Back to guides
Security guide6 min

Security headers your website should have

A practical explanation of the HTTP security headers that improve browser-side protection and reduce risk.

Security headers do not magically make a vulnerable site safe, but they do close common gaps and help browsers enforce safer behavior.

For developers, technical SEO professionals, agencies, and site owners reviewing production hardening.

Why headers matter

Security headers tell browsers how to handle your pages. They can prevent MIME confusion, reduce clickjacking risk, and set stricter security policies for scripts and framing.

They are especially useful because they are easy to regress after server, CDN, or proxy changes.

The core headers to review

Different stacks need different policies, but a few headers are usually worth checking first.

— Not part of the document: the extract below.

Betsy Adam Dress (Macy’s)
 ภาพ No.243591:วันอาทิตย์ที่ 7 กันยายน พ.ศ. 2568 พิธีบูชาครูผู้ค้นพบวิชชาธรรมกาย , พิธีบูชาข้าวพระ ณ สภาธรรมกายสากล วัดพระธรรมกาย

  • Strict-Transport-Security
  • Content-Security-Policy
  • X-Content-Type-Options
  • X-Frame-Options
  • Referrer-Policy
  • Permissions-Policy

The biggest mistakes teams make

Some teams never add the headers. Others add them once and never validate them again. Another common issue is setting a header that is technically present but too weak to matter.

  • Missing CSP or using an overly permissive one
  • No HSTS on an HTTPS site
  • Headers configured in one environment but not another
  • Headers disappearing after infrastructure changes

How to approach implementation

Start with safe wins such as X-Content-Type-Options and Referrer-Policy. Then introduce stricter policies such as CSP with testing and reporting.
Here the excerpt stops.